Eu me entendi enquanto pessoa com deficiência aos vinte anos de idade. Antes disso, eu fui orientada a me encaixar, o que naquele contexto significava “disfarçar” a deficiência, uma condição a ser escondida, superada. Viver apesar dela.
Quando o autorreconhecimento aconteceu, eu estava começando a trilhar uma carreira e foram as vagas afirmativas que me permitiram acessar o mundo corporativo. Nunca me faltou desafio e as alternativas eram limitadas. O espaço que existia para mim em um mundo institucional exigia uma escolha: ou aceitava as oportunidades delimitadas pelas vagas afirmativas ou precisaria ignorar minha condição para concorrer em outras posições. Eu entrei pela porta da acessibilidade e fui crescendo, aproveitando essas oportunidades para demonstrar meu potencial e minha capacidade. Sem deixar de ser diferente, colaborei com a revisão do padrão e consegui traçar um caminho de adaptação e não de encaixe.
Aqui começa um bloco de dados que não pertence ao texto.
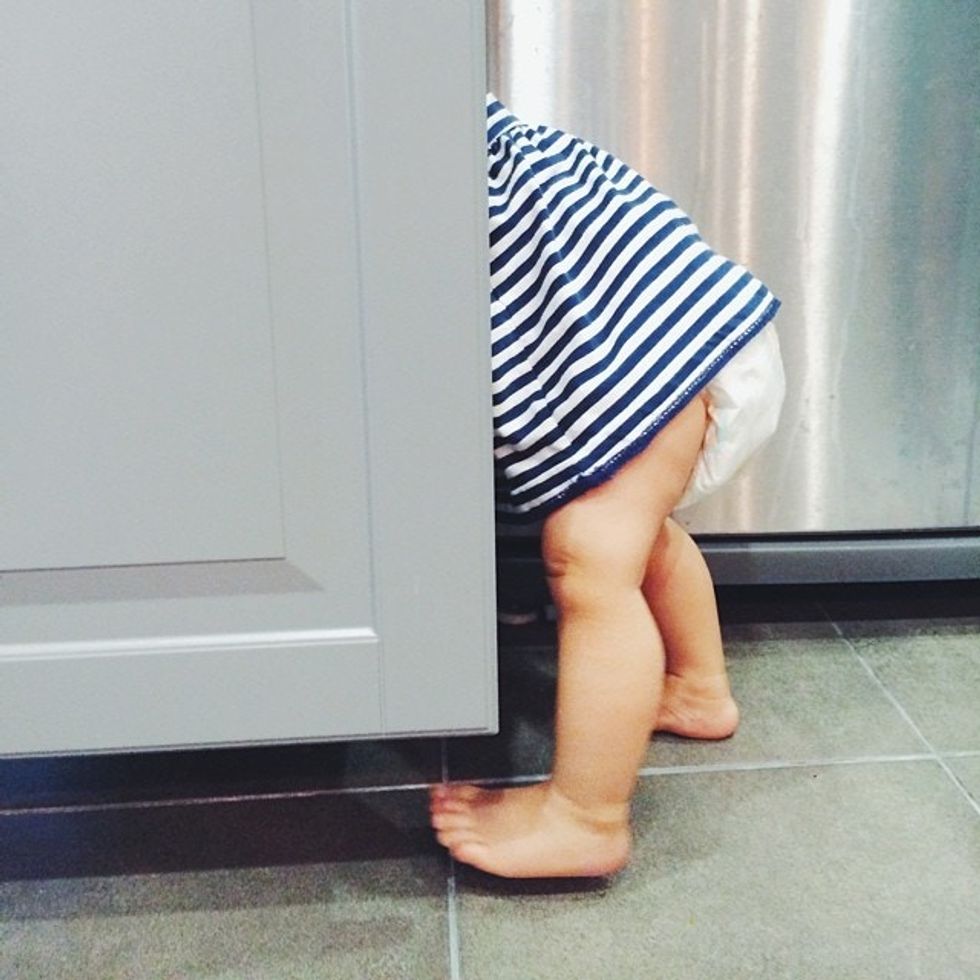 baby discovering its ability to open a cabinet after learning how to walk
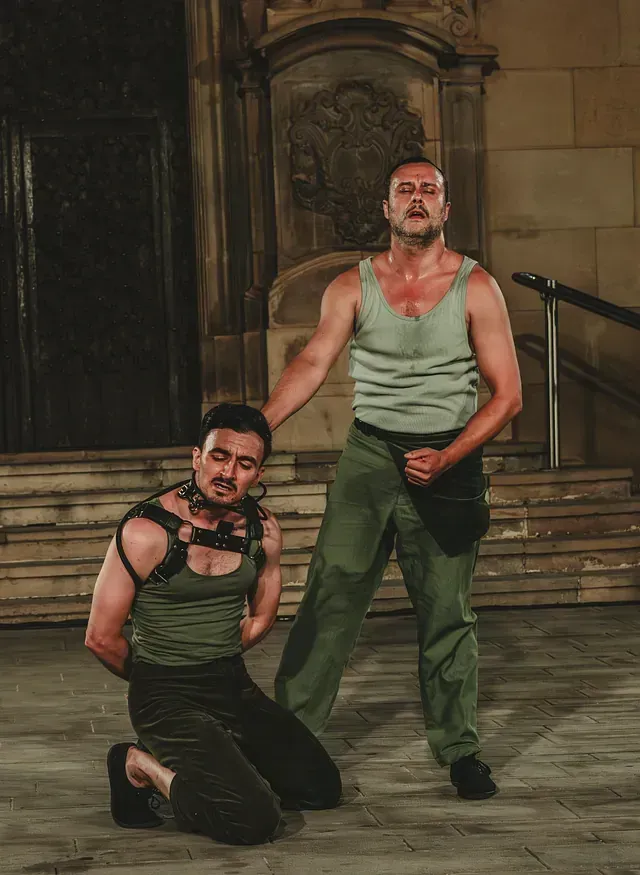 Un hombre con una camiseta verde sin mangas está arrodillado junto a otro hombre con una camiseta verde sin mangas.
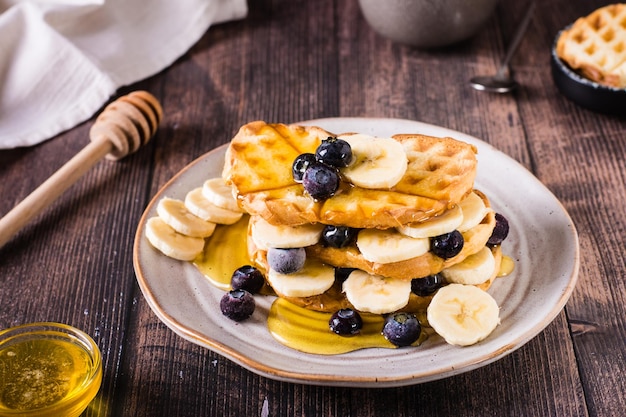 Uma pilha de waffles com mirtilos de banana e mel em um prato Comida reconfortante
Depois de todos esses anos, percebo que o conceito de inclusão é ainda sinuoso e cheio de desafios. Analisei os padrões por tempo suficiente, para que conseguisse entender que o que me torna diferente é exatamente o que me faz liderar.
Hoje eu vivo no Nordeste, trazida por oportunidades e também por inquietações. Queria mais e mais propósito. Atuo como gerente de sustentabilidade do Grupo JCPM, uma grande empresa, que acaba de completar 90 anos, líder no setor de shopping centers no Nordeste e entre as cinco maiores no país, referência também nos segmentos imobiliário, comunicação, e atuação social.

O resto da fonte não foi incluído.